John Sheeky (UCD)

will speak on

Error-correcting Codes using Matrices for Post-Quantum Cryptography

Time: 2:00PM
Date: Thu 13th February 2020
Location: Seminar Room SCN 1.25 [map]

Further information

Abstract: Error-correcting Codes have long been used to enable the reliable and efficient communication or storage of information in the presence of errors/noise. In 1978, McEliece proposed the use of error-correcting codes in cryptography; that is, for the secure and efficient communication of information. At the time, this scheme compared poorly with competitors in some respects, and so did not catch on in practice.
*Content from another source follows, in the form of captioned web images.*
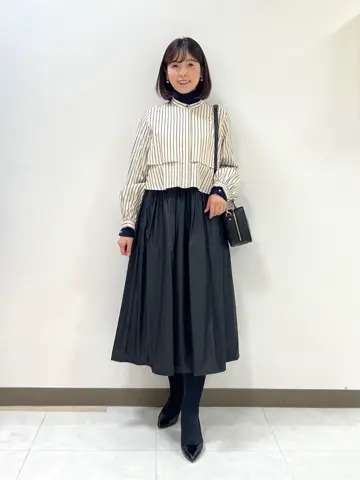 ONWARD CROSSET SELECT 市川 コーディネート画像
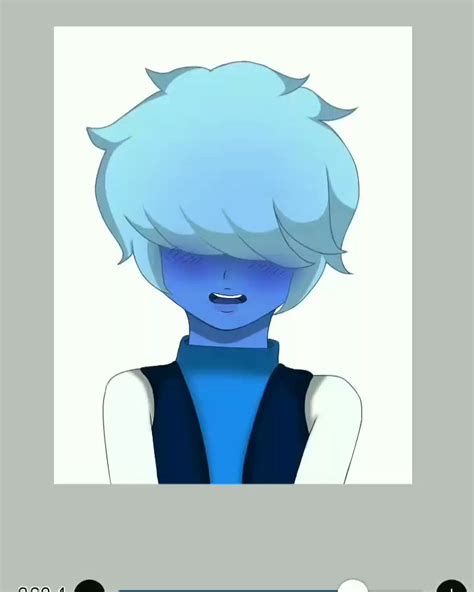 Steven Universe Sapphire Boy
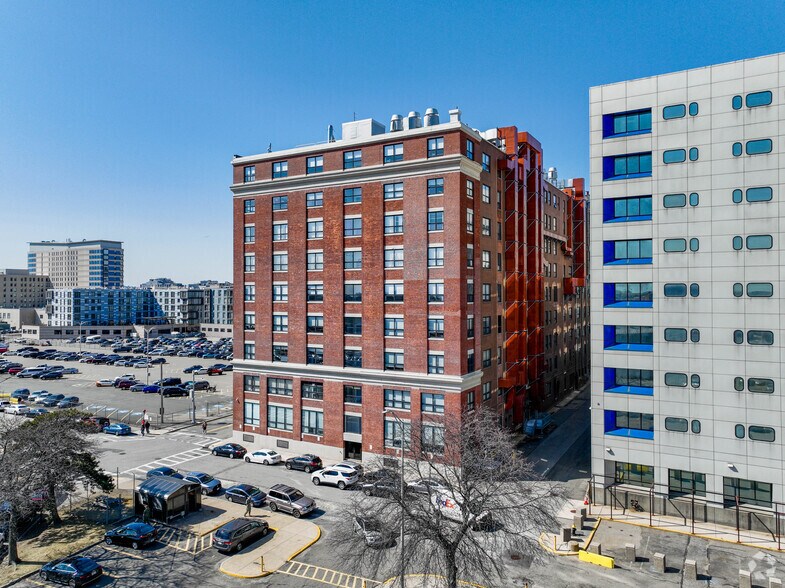 More Photos Of 451 D St, Boston Loft Creative Space For Lease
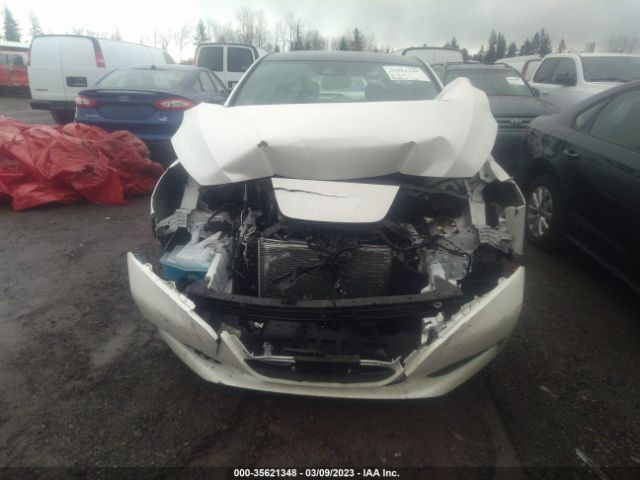 1N4BZ1CP5KC320113 Nissan Leaf Sv Plus
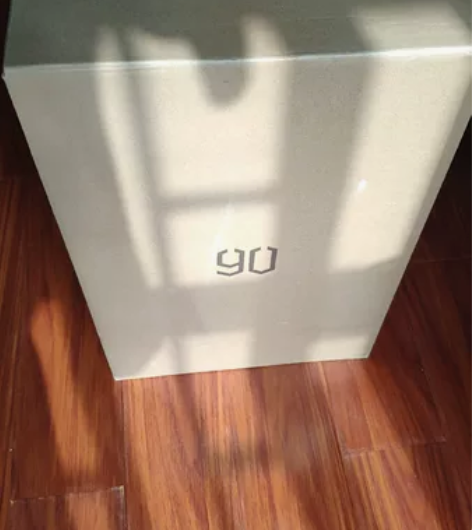 小米90分旅行箱  20寸经典款 外观漂亮...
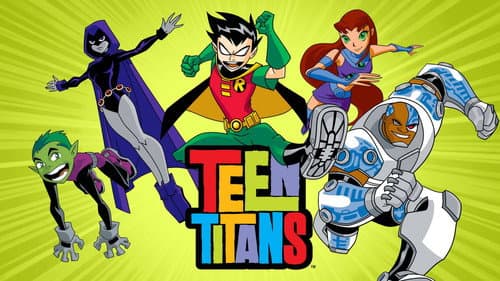Teen Titans still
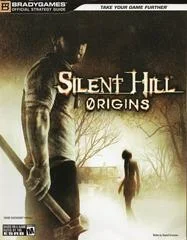 Carátula de Silent Hill Origins [BradyGames]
However, the hypothetical future existence of a large quantum computer would render most of the commonly used cryptographic systems insecure. This has led to a drive to develop, analyse, and standardise cryptosystems for which there is no known quantum algorithm to attack it. McEliece-type cryptosystems are one such family. Variants of this system using different metrics have been proposed for the ongoing NIST competition for Post-Quantum Cryptography.

We will present an idea which used rank-metric codes; codes where the codewords are matrices, and the distance between two matrices is the rank of their difference. We will discuss the strengths and weaknesses of these codes in general, and propose a new implementation which (hopefully) retains their strengths and eliminates their weaknesses. This is a work in progress.

(This talk is part of the Algebra and Number Theory series.)